Visual feast

The Wildcats and other Diamond Head Classic teams enjoyed a private showing of "Creation - A Polynesian Journey," a historical-themed luau at the Sheraton Princess Kaiulani on Friday night.

The luau, which regularly sells for $105, included an enormous buffet and a show that traces Polynesian history via wind and fire and other visuals.

The story detailed the blowing up of volcanoes to create the Hawaiian islands, while the dances included a Samoan fire-knife dance, traditional New Zealand dance and modern hula.

Many of the performers in the cast were invited to perform for president Barack Obama at the White House in 2009.

Inspirational words

Former UCLA player Sean Farnham, who is one of two ESPN analysts working the Diamond Head Classic along with former UA standout Miles Simon, implored the teams' players to make the most of their opportunities during a brief speech before the luau.

Simon "was the most valuable player of a championship team," Farnham said. "I wasn't that guy. But I made sure I took advantage of every opportunity. … Whatever your goal is as a team, it is all there in front of you."

Thanks, Dad

ETSU coach Murry Bartow spent a decade playing and coaching under his father, Gene, at Alabama-Birmingham.

So breaking down his father's influence on his style today was not an easy task to accomplish during a brief pre-practice interview Friday.

"I mean, that would take me too long," Bartow said. "He won a lot of games, but really the takeaway for me was the way he treated people. He was an incredible person with the way he treated people, and that's big as a coach, whether it's your players or the people around you. I had a great experience playing for him and coaching for him."

Gene Bartow died last January at age 81.

Travel marathon

In order to save a few bucks on airfare - and give its players some extra beach time - East Tennessee State opted to travel to Honolulu on Wednesday; most other teams arrived on Thursday.

Turned out, the Bucs needed the extra time in Hawaii to recover.

ETSU left Johnson City, Tenn., at 9:30 a.m. Eastern Time on Wednesday, drove a half hour to the Tri-Cities Regional Airport, then took a hopper to Charlotte. From there, the Bucs lounged around for two hours before flying for about five hours to Phoenix.

Then, they were forced to race to their second connecting flight, barely making it and spending another six-plus hours on board over the Pacific.

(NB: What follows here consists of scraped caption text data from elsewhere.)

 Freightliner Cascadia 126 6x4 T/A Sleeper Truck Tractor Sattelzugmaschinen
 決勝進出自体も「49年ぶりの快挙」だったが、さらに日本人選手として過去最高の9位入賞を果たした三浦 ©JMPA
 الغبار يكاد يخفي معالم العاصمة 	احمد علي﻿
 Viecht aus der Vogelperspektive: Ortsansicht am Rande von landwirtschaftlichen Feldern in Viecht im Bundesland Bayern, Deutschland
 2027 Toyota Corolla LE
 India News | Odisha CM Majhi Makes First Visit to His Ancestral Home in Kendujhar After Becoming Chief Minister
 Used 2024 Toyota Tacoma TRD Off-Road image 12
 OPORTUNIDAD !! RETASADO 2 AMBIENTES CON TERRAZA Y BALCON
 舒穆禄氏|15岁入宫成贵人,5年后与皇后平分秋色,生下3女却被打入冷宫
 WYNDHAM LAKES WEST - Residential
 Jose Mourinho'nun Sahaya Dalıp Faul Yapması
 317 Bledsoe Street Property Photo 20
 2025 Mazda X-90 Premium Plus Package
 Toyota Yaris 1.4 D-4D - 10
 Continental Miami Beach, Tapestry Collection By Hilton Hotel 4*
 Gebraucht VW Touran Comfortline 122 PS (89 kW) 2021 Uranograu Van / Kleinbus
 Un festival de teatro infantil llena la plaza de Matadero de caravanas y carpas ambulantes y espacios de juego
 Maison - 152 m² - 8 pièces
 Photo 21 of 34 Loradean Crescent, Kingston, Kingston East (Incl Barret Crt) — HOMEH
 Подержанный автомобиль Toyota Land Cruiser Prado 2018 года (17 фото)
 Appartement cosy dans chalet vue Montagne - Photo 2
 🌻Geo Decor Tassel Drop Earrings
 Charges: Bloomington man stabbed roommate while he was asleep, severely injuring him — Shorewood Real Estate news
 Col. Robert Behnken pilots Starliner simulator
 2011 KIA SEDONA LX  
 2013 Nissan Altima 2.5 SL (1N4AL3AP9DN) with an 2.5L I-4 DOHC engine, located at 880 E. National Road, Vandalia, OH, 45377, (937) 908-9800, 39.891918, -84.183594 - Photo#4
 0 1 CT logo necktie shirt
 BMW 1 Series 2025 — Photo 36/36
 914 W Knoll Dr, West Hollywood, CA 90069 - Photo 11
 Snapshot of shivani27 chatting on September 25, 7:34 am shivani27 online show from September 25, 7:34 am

They arrived in Honolulu at about 10 p.m. local time, and by the time many of them went to bed, had been up a full 24 hours.

Arizona had it considerably easier: The Wildcats bused to Phoenix, and took a nonstop flight to Honolulu.

"It was a smooth trip," UA coach Sean Miller said.

The big number


The Diamond Head Classic-record three-point attempts former UA guard Zane Johnson shot for Hawaii over the three games of the event last season, making 10 of them


"It's a blessing (to go to Hawaii), which most people can't even say that they did. To go and do what you love to do and everything's paid for? That's unheard of."

- ETSU guard Lester Wilson

Paying respects

ETSU coach Murry Bartow said he hoped to take the Bucs to visit the USS Arizona Memorial on Monday, but Miller said he didn't think the Wildcats could pull it off.

The Diamond Head Classic has three games in four days, with Monday off to rest and practice for a final game Tuesday.

"I think all of us would love to go to Pearl Harbor, but logistically, it's almost impossible because of the time and the crowds," Miller said.

Tourist time

The extra day did give the Bucs a chance to practice and goof off a bit on Thursday, while they had a chance to work out at the Stan Sheriff Center on Friday.

They had even planned a local snorkeling excursion, but that failed because of an issue with the bus driver. But nobody was complaining.

"This is a once-in-a-lifetime thing," ETSU guard Jarvis Jones said. "I'm just excited to be out here."

Pure cane sugar

UA backup guard Jordin Mayes, noted for not getting any "sugar" by Miller after he played well in a game last season, couldn't be missed in the sports section of Friday's Honolulu Star-Advertiser.

He was the most prominently featured of four players shown in a half-page advertisement for the Diamond Head Classic, which is selling tickets for as low as $10.